House of the Dragon fans experienced déjà vu while watching the latest Game of Thrones prequel episode.
In the seventh episode of the new HBO series, “Driftmark,” several scenes were deemed too dark to see by fans, with some saying that the episode was “unwatchable” because the screen was simply too dark.
A similar backlash happened during the final season of Game of Thrones in the dimly-lit battle episode “The Long Night.” Taking place over one very long night, the battle left many fans squinting at the screen as they struggled to see essential information during important sequences. The darkness also created a sense of disorientation during an already overwhelming battle.
Emmy-winning director Miguel Sapochnik, who directed both darkly lit episodes from the two series, is no stranger to this type of backlash. He spoke to IndieWire about the creative choice to use darkly-lit cinematography, saying it was what the show’s atmosphere needed.
“It made sense that this was the last hope humanity has, the last beacon of light, and from the perspective of where we needed the story to go—which was to reach a surreal, chaotic climax—we needed an environment that was friendly to that,” Sapochnik said. “So all the reasons for doing it were there, and nobody sat there and wondered if it was gonna be too dark.”
Fans, however, were not supportive of this creative decision, with some users wanting a written apology from HBO for releasing “a whole episode of black screen.”
One of HBO’s social media accounts took to Twitter to defend the dark moments in the episode, writing that those moments were “an intentional creative decision.”

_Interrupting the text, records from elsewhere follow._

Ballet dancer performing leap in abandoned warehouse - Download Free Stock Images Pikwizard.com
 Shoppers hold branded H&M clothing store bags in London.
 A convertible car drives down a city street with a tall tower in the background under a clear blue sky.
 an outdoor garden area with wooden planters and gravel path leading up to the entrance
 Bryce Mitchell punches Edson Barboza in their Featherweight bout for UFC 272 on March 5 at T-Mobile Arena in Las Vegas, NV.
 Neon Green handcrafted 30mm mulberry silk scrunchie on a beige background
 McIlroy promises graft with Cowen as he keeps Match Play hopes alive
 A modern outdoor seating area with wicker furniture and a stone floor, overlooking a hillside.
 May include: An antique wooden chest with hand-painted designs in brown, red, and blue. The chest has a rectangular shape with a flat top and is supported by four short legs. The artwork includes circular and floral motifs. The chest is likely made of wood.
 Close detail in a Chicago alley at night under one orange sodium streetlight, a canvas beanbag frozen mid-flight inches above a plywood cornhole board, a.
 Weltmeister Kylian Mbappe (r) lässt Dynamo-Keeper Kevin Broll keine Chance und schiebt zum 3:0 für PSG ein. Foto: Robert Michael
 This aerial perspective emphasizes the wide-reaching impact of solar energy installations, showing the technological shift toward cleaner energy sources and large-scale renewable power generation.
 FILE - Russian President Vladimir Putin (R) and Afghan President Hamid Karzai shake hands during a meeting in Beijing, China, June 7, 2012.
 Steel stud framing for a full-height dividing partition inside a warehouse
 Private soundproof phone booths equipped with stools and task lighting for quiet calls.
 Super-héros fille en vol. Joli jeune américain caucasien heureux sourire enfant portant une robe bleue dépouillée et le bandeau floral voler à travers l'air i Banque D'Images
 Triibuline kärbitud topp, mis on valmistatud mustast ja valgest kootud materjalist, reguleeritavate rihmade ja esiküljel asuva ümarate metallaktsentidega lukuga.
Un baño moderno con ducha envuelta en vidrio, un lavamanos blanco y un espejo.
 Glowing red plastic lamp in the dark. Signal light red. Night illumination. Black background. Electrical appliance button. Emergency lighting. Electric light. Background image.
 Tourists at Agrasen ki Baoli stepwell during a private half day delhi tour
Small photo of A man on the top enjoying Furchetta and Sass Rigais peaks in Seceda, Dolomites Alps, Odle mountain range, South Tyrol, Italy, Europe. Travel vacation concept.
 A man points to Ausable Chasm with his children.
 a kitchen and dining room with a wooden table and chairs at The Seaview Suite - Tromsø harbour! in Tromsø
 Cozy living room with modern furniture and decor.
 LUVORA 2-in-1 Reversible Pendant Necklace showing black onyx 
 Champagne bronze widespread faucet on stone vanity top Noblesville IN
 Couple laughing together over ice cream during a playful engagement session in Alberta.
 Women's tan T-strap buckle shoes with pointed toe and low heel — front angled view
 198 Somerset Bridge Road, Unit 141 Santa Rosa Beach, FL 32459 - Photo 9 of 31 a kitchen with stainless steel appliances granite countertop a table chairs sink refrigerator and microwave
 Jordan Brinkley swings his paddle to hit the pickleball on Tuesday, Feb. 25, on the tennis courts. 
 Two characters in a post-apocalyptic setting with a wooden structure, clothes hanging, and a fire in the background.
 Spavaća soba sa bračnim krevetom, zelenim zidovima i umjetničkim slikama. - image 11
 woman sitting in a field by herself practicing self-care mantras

In their response, the HBO account wrote:
We appreciate you reaching out about the night scene in House of the Dragon: Episode 7 appearing dark on your screen. The dimmed lighting of this scene was an intentional creative decision. Thanks!
Hi Stephen! We appreciate you reaching out about a night scene in House of the Dragon: Episode 7 appearing dark on your screen. The dimmed lighting of this scene was an intentional creative decision. Thanks! ^LL— HBOMaxHelp (@HBOMaxHelp) October 3, 2022
Was the episode too dark, or was it simply a case of modern TVs being the source of the problem?
It’s Not the Fault of HBO… It's Your TV?
Night episodes are always tricky to light, especially in “historical” projects that use firelight to illuminate a scene or moonlight for exterior shots.
The Ringer writer and podcaster Joanna Robinson attempted to warn fans ahead of the episode’s airing to alter their TV settings to make the screen a bit brighter, saying, “Watch it with all the drapes closed.”
You can have a TV that shows the “brighter” parts of the frame at the right brightness level, but the way a TV handles the shadow area of the frame isn’t the same as the way it’s handled on the calibrated monitor in the post suite.
Post pros try to compensate for many viewers’ default TV settings, but there are just too many different TVs on the market and ways for them to be set that it is impossible to make a dark scene look goon on every single one.
To fix this issue, you have to change your TV’s picture controls in your menu to see the darker areas of the frame properly. On a properly set up TV, you can see details of a scene and expressions of characters’ faces in the dark moments.
Users can turn their TV to "Vivid" to compensate for the TV's lack of range, giving the viewers an overall brighter image. Unfortunately, the image will likely not look how it was intended to, but you will at least be able to see what you're watching. For modern TVs, users can switch to "Filmmaker mode" to get a clearer image and display images somewhat accurately.
This is one of the major frustrations of modern filmmaking. You cannot properly control the home experience with the consistency that we see in a proper theatrical projection.
There is no problem watching prestigious TV series on an affordable TV, but don’t blame HBO or the filmmakers behind the episode for being too dark to see anything. Streaming creates several issues when watching anything on any device. The best we can do is adjust our settings in an attempt to watch a film or series in the way the filmmakers wanted us to.